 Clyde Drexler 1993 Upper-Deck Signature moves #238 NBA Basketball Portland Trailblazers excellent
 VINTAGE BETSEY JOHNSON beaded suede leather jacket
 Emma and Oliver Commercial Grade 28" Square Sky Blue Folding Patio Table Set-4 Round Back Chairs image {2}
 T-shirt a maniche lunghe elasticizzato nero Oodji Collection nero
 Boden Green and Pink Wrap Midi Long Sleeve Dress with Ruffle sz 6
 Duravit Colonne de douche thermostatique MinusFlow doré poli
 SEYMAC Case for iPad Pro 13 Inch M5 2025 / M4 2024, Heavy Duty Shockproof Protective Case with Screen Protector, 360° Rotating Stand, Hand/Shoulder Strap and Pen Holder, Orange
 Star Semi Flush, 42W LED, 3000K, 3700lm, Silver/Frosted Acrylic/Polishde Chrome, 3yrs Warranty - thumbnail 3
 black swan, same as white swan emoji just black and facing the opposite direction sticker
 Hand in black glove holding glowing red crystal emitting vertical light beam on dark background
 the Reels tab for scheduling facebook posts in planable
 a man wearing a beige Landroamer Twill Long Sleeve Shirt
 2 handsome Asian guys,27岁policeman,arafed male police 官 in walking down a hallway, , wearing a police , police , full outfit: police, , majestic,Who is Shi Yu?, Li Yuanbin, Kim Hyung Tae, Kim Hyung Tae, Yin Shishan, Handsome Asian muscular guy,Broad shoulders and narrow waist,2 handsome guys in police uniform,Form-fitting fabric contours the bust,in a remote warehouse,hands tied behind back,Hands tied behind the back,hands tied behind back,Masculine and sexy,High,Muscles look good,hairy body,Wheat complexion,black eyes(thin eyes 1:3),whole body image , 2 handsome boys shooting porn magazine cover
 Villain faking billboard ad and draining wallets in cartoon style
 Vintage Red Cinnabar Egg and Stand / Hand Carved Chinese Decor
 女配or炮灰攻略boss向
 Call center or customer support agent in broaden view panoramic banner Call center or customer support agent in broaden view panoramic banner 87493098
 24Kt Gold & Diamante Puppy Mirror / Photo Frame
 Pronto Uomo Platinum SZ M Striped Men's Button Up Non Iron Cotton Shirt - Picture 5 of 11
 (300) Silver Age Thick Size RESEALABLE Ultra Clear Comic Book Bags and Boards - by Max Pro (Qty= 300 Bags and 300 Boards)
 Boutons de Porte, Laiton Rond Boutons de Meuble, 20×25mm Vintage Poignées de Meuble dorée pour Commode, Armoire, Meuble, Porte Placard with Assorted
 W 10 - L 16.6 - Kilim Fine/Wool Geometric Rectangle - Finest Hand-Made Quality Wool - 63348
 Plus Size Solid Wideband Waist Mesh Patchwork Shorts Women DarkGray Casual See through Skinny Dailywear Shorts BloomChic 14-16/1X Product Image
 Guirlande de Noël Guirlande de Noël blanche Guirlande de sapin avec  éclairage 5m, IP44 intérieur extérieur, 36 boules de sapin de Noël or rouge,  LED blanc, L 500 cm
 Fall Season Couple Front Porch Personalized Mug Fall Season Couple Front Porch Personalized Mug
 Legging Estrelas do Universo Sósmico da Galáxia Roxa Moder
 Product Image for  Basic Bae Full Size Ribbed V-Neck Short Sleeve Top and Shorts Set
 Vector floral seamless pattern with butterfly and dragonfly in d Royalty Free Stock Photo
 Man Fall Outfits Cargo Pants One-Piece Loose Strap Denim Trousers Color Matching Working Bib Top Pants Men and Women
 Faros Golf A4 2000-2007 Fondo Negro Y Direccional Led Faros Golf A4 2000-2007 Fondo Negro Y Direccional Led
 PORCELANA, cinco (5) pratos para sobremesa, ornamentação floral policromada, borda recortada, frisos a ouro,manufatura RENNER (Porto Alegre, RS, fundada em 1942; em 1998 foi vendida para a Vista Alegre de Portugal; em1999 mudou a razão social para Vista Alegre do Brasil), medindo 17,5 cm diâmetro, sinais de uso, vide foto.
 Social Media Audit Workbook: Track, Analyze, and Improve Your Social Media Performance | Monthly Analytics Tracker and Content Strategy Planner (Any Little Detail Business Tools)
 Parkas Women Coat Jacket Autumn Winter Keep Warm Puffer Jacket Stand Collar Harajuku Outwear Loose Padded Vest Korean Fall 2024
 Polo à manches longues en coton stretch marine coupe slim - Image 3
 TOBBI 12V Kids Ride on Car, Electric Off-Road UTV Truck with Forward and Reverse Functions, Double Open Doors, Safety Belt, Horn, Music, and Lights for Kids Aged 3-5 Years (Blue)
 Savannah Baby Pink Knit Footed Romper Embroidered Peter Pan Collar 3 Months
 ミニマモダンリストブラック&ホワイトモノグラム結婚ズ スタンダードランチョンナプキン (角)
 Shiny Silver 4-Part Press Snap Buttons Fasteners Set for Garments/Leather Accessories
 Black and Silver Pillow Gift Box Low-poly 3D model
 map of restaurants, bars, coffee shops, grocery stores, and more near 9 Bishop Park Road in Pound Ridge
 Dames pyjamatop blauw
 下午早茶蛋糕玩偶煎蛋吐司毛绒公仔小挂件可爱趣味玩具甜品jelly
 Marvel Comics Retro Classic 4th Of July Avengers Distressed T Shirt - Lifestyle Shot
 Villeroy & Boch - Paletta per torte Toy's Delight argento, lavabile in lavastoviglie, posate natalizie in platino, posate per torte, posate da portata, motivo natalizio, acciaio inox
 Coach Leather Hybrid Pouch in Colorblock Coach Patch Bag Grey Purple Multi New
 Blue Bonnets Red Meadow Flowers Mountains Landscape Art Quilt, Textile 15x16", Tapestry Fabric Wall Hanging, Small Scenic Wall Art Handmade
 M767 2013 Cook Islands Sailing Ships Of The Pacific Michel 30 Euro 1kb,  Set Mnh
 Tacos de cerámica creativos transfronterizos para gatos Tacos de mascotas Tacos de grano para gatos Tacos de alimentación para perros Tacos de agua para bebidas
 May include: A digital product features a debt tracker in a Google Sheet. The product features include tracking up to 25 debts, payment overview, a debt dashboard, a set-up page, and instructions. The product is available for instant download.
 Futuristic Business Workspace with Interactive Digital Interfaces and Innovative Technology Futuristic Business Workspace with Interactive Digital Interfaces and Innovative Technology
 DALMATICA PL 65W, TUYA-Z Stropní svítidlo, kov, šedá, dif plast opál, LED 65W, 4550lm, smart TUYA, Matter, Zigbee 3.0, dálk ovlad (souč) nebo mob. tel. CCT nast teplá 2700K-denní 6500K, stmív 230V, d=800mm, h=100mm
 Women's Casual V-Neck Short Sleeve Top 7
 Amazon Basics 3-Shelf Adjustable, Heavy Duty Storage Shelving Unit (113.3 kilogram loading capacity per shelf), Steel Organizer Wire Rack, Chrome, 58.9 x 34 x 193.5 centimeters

◆ **Your assignment**:
Each entry above needs to be duplicated exactly.

◆ **Response box**:
 Clyde Drexler 1993 Upper-Deck Signature moves #238 NBA Basketball Portland Trailblazers excellent
 VINTAGE BETSEY JOHNSON beaded suede leather jacket
 Emma and Oliver Commercial Grade 28" Square Sky Blue Folding Patio Table Set-4 Round Back Chairs image {2}
 T-shirt a maniche lunghe elasticizzato nero Oodji Collection nero
 Boden Green and Pink Wrap Midi Long Sleeve Dress with Ruffle sz 6
 Duravit Colonne de douche thermostatique MinusFlow doré poli
 SEYMAC Case for iPad Pro 13 Inch M5 2025 / M4 2024, Heavy Duty Shockproof Protective Case with Screen Protector, 360° Rotating Stand, Hand/Shoulder Strap and Pen Holder, Orange
 Star Semi Flush, 42W LED, 3000K, 3700lm, Silver/Frosted Acrylic/Polishde Chrome, 3yrs Warranty - thumbnail 3
 black swan, same as white swan emoji just black and facing the opposite direction sticker
 Hand in black glove holding glowing red crystal emitting vertical light beam on dark background
 the Reels tab for scheduling facebook posts in planable
 a man wearing a beige Landroamer Twill Long Sleeve Shirt
 2 handsome Asian guys,27岁policeman,arafed male police 官 in walking down a hallway, , wearing a police , police , full outfit: police, , majestic,Who is Shi Yu?, Li Yuanbin, Kim Hyung Tae, Kim Hyung Tae, Yin Shishan, Handsome Asian muscular guy,Broad shoulders and narrow waist,2 handsome guys in police uniform,Form-fitting fabric contours the bust,in a remote warehouse,hands tied behind back,Hands tied behind the back,hands tied behind back,Masculine and sexy,High,Muscles look good,hairy body,Wheat complexion,black eyes(thin eyes 1:3),whole body image , 2 handsome boys shooting porn magazine cover
 Villain faking billboard ad and draining wallets in cartoon style
 Vintage Red Cinnabar Egg and Stand / Hand Carved Chinese Decor
 女配or炮灰攻略boss向
 Call center or customer support agent in broaden view panoramic banner Call center or customer support agent in broaden view panoramic banner 87493098
 24Kt Gold & Diamante Puppy Mirror / Photo Frame
 Pronto Uomo Platinum SZ M Striped Men's Button Up Non Iron Cotton Shirt - Picture 5 of 11
 (300) Silver Age Thick Size RESEALABLE Ultra Clear Comic Book Bags and Boards - by Max Pro (Qty= 300 Bags and 300 Boards)
 Boutons de Porte, Laiton Rond Boutons de Meuble, 20×25mm Vintage Poignées de Meuble dorée pour Commode, Armoire, Meuble, Porte Placard with Assorted
 W 10 - L 16.6 - Kilim Fine/Wool Geometric Rectangle - Finest Hand-Made Quality Wool - 63348
 Plus Size Solid Wideband Waist Mesh Patchwork Shorts Women DarkGray Casual See through Skinny Dailywear Shorts BloomChic 14-16/1X Product Image
 Guirlande de Noël Guirlande de Noël blanche Guirlande de sapin avec  éclairage 5m, IP44 intérieur extérieur, 36 boules de sapin de Noël or rouge,  LED blanc, L 500 cm
 Fall Season Couple Front Porch Personalized Mug Fall Season Couple Front Porch Personalized Mug
 Legging Estrelas do Universo Sósmico da Galáxia Roxa Moder
 Product Image for  Basic Bae Full Size Ribbed V-Neck Short Sleeve Top and Shorts Set
 Vector floral seamless pattern with butterfly and dragonfly in d Royalty Free Stock Photo
 Man Fall Outfits Cargo Pants One-Piece Loose Strap Denim Trousers Color Matching Working Bib Top Pants Men and Women
 Faros Golf A4 2000-2007 Fondo Negro Y Direccional Led Faros Golf A4 2000-2007 Fondo Negro Y Direccional Led
 PORCELANA, cinco (5) pratos para sobremesa, ornamentação floral policromada, borda recortada, frisos a ouro,manufatura RENNER (Porto Alegre, RS, fundada em 1942; em 1998 foi vendida para a Vista Alegre de Portugal; em1999 mudou a razão social para Vista Alegre do Brasil), medindo 17,5 cm diâmetro, sinais de uso, vide foto.
 Social Media Audit Workbook: Track, Analyze, and Improve Your Social Media Performance | Monthly Analytics Tracker and Content Strategy Planner (Any Little Detail Business Tools)
 Parkas Women Coat Jacket Autumn Winter Keep Warm Puffer Jacket Stand Collar Harajuku Outwear Loose Padded Vest Korean Fall 2024
 Polo à manches longues en coton stretch marine coupe slim - Image 3
 TOBBI 12V Kids Ride on Car, Electric Off-Road UTV Truck with Forward and Reverse Functions, Double Open Doors, Safety Belt, Horn, Music, and Lights for Kids Aged 3-5 Years (Blue)
 Savannah Baby Pink Knit Footed Romper Embroidered Peter Pan Collar 3 Months
 ミニマモダンリストブラック&ホワイトモノグラム結婚ズ スタンダードランチョンナプキン (角)
 Shiny Silver 4-Part Press Snap Buttons Fasteners Set for Garments/Leather Accessories
 Black and Silver Pillow Gift Box Low-poly 3D model
 map of restaurants, bars, coffee shops, grocery stores, and more near 9 Bishop Park Road in Pound Ridge
 Dames pyjamatop blauw
 下午早茶蛋糕玩偶煎蛋吐司毛绒公仔小挂件可爱趣味玩具甜品jelly
 Marvel Comics Retro Classic 4th Of July Avengers Distressed T Shirt - Lifestyle Shot
 Villeroy & Boch - Paletta per torte Toy's Delight argento, lavabile in lavastoviglie, posate natalizie in platino, posate per torte, posate da portata, motivo natalizio, acciaio inox
 Coach Leather Hybrid Pouch in Colorblock Coach Patch Bag Grey Purple Multi New
 Blue Bonnets Red Meadow Flowers Mountains Landscape Art Quilt, Textile 15x16", Tapestry Fabric Wall Hanging, Small Scenic Wall Art Handmade
 M767 2013 Cook Islands Sailing Ships Of The Pacific Michel 30 Euro 1kb,  Set Mnh
 Tacos de cerámica creativos transfronterizos para gatos Tacos de mascotas Tacos de grano para gatos Tacos de alimentación para perros Tacos de agua para bebidas
 May include: A digital product features a debt tracker in a Google Sheet. The product features include tracking up to 25 debts, payment overview, a debt dashboard, a set-up page, and instructions. The product is available for instant download.
 Futuristic Business Workspace with Interactive Digital Interfaces and Innovative Technology Futuristic Business Workspace with Interactive Digital Interfaces and Innovative Technology
 DALMATICA PL 65W, TUYA-Z Stropní svítidlo, kov, šedá, dif plast opál, LED 65W, 4550lm, smart TUYA, Matter, Zigbee 3.0, dálk ovlad (souč) nebo mob. tel. CCT nast teplá 2700K-denní 6500K, stmív 230V, d=800mm, h=100mm
 Women's Casual V-Neck Short Sleeve Top 7
 Amazon Basics 3-Shelf Adjustable, Heavy Duty Storage Shelving Unit (113.3 kilogram loading capacity per shelf), Steel Organizer Wire Rack, Chrome, 58.9 x 34 x 193.5 centimeters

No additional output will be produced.